The last thematic section portrays Kavalier's psychological escape, from his loved ones and from himself, as tragedy hits him. His much-criticized (among reviewers here) retreat to Antarctica is actually fairly interesting, especially if taken on a more metaphorical level, and it sets up the other theme of the book, where and how does one return after escaping. Joe Kavalier's largely unexplored 11-year absence is not as irritating when taken as a symbol of retreat after his traumatic WW11 experiences, and this last section's largesse (about reversing an escape from home to the psychological commitment journey towards belonging and reconciliation) is described with almost the same power and restraint that Chabon shows in the opening Prague scenes. (Later sections on Joe's Empire State Building escapade and the Senate hearing on comic books are somewhat superfluous.) That the characters don't develop much during this 11-year sleep is Chabon's on-target indictment of suburbia, the conformity of the 50's, and the habit-born comforts and gnawing disillusionment that equally inhabit the borders of approaching middle age. Only Joe's love interest, Rosa Saks, lacks sufficient depth here. I cannot imagine her earlier spirit so vulnerable to the effluvium of habit, a miasma pouring like ether from a culture too tired to question itself (as Chabon, though with greater skill, might put it. It must be fun to have Chabon's godlike creative productivity...so many structures and words from which to choose). Wouldn't Rosa have at least explored the new directions in arts and literature?

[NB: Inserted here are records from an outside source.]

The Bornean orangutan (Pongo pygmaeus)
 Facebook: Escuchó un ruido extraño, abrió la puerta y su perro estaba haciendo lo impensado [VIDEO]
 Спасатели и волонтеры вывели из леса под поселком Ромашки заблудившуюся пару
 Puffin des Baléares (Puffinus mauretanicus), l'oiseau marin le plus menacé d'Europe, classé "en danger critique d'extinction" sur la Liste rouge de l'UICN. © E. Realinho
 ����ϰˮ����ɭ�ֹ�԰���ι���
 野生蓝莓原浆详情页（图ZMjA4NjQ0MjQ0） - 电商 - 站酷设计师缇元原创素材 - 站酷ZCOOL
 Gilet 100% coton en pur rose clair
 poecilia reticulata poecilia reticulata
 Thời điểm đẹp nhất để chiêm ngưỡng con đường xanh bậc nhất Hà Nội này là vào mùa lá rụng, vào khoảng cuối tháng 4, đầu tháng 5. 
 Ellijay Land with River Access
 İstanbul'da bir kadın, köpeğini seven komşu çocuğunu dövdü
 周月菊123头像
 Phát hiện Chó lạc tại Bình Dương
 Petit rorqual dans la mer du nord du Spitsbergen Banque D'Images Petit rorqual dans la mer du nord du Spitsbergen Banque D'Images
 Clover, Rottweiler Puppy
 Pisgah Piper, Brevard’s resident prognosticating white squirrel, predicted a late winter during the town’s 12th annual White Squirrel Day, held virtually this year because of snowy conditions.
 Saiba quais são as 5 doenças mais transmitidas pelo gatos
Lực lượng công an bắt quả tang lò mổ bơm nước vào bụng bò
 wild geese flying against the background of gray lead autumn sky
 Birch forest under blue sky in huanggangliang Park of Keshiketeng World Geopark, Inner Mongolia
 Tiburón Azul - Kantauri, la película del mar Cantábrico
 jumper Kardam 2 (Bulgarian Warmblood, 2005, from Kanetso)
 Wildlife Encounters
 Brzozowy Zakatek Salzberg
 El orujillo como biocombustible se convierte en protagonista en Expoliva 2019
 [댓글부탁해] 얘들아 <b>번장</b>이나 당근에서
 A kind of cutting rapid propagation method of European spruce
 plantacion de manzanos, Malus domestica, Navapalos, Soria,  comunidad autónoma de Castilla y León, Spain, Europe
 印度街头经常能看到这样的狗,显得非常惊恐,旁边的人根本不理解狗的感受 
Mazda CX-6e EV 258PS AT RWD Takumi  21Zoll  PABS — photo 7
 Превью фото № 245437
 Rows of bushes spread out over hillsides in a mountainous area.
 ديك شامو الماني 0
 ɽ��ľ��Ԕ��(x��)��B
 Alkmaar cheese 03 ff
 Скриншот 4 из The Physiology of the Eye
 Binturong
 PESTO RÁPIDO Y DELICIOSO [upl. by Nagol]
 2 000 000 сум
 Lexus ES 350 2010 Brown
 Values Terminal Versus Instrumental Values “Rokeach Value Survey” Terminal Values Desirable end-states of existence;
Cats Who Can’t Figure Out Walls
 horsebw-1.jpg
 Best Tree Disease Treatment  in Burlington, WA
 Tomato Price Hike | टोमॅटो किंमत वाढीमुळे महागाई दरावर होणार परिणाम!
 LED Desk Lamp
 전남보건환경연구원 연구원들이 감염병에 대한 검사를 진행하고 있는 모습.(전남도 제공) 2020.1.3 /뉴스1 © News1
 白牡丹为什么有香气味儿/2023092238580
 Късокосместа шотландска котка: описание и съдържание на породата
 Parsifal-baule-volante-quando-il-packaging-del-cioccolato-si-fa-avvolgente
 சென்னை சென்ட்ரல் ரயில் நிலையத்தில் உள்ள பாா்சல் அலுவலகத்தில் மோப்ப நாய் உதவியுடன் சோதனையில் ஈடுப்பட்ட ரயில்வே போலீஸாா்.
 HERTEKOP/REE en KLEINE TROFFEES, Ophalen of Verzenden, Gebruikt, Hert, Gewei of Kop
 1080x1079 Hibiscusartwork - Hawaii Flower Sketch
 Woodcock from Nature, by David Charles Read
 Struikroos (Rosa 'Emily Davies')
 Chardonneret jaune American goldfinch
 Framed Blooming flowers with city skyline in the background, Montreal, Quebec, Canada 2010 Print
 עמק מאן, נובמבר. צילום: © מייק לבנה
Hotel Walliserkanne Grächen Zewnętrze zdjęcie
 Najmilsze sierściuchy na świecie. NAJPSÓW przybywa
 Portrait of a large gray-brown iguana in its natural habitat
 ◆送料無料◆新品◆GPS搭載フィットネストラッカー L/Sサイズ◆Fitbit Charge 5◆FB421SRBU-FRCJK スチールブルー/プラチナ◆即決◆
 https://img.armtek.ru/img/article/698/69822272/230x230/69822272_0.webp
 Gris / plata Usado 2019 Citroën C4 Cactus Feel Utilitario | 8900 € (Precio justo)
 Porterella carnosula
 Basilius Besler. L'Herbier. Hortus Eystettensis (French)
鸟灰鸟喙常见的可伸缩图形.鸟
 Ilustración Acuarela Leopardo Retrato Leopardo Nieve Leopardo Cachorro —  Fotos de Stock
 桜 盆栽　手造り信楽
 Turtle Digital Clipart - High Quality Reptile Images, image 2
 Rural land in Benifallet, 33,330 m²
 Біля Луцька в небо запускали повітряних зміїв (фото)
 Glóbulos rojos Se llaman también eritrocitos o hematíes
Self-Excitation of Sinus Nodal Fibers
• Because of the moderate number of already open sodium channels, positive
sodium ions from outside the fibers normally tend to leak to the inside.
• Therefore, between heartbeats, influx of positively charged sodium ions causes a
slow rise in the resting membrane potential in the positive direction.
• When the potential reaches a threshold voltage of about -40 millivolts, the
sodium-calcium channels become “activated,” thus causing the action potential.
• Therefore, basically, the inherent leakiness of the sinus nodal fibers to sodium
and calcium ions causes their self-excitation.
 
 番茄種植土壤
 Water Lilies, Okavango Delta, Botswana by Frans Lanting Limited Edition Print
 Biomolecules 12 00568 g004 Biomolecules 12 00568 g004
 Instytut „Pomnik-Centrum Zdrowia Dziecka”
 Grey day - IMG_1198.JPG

Because of these faults and annoyances, I dock the book a half-point, but this is a superb, imaginative book well deserving of its accolades and Pulitzer. One may like it even more if one is not familiar with his earlier works, because the literary fireworks will seem less familiar (as was my own experience with reading his beautiful, astonishingly good debut novel, "The Mysteries of Pittsburgh"). Very highly recommended!